What the task asks:
Output the data below only from the line containing "Assess Digital Maturity" up to and including the line containing "Jenny Dale A Winter's Tale", exact and with the pictures left out.

Given records:
*** Block opens ***

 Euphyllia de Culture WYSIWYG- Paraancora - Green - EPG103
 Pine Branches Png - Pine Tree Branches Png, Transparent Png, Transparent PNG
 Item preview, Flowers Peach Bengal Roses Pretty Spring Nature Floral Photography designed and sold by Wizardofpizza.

*** Block closes ***
*** Block opens ***

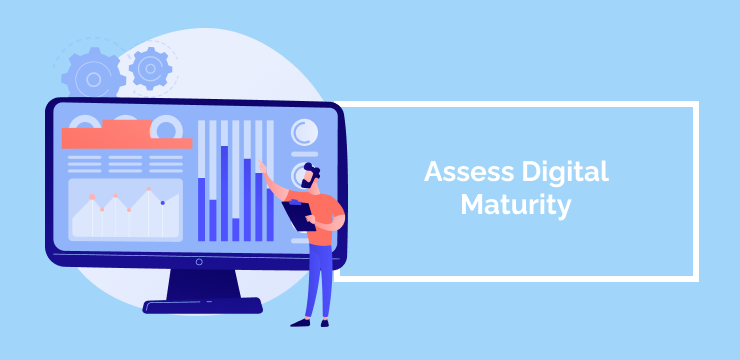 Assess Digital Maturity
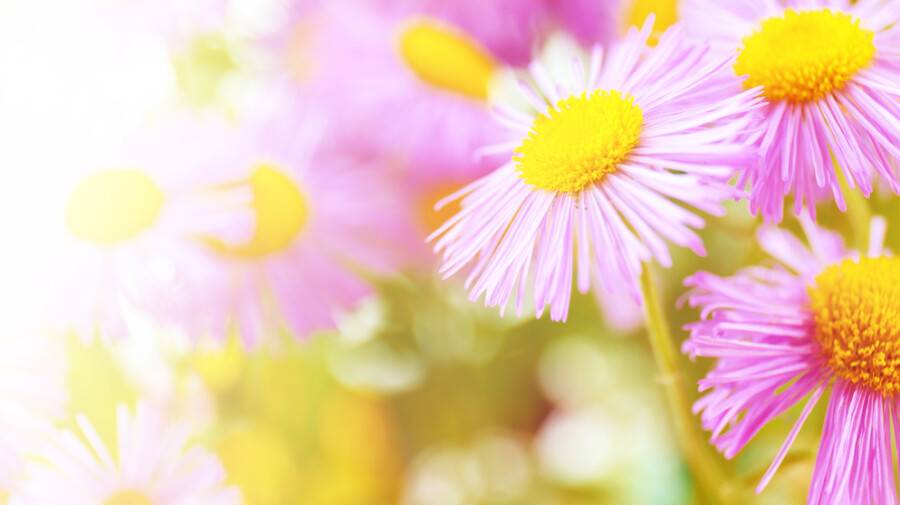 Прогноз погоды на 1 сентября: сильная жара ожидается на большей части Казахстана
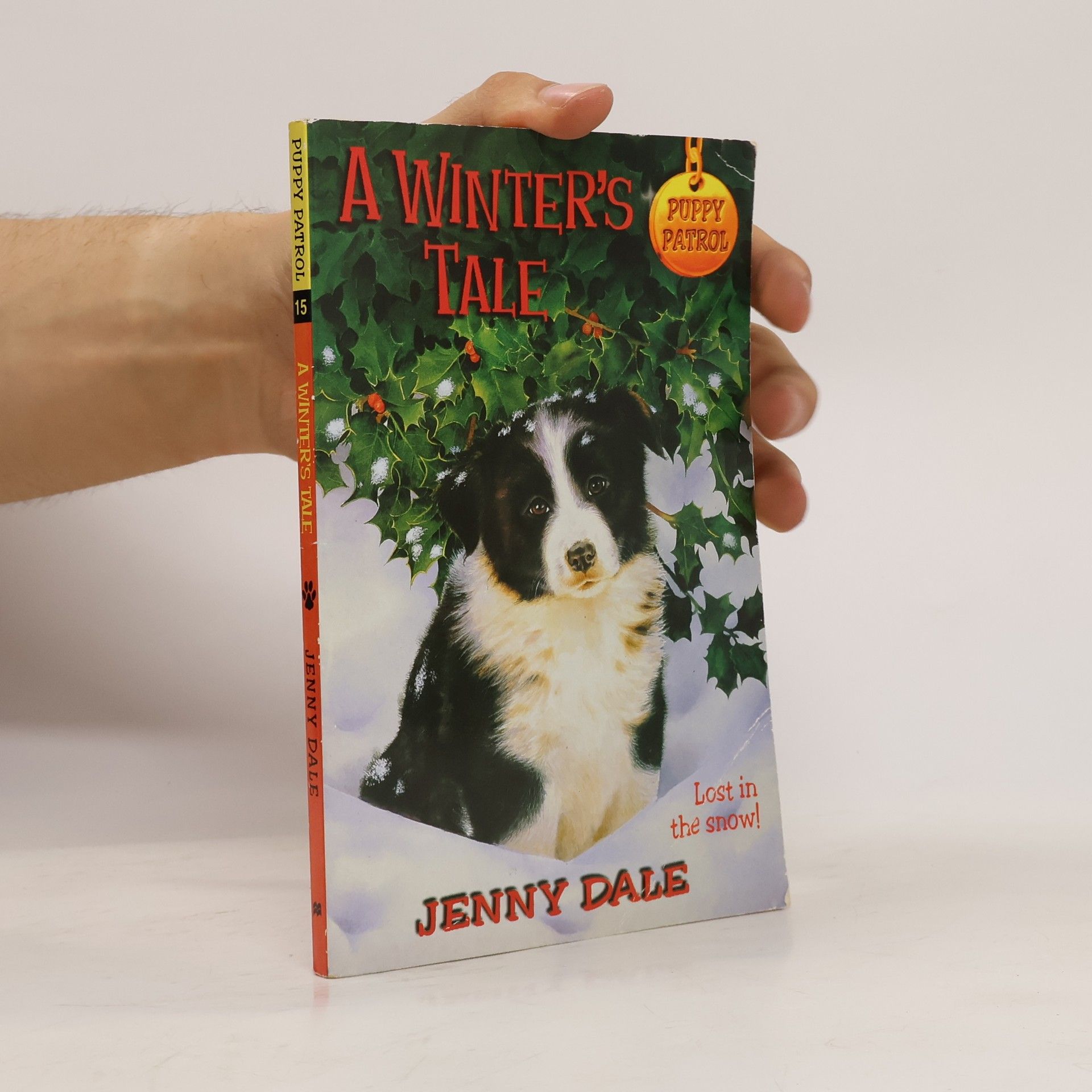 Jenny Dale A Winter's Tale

*** Block closes ***

Written reply:
 Assess Digital Maturity
 Прогноз погоды на 1 сентября: сильная жара ожидается на большей части Казахстана
 Jenny Dale A Winter's Tale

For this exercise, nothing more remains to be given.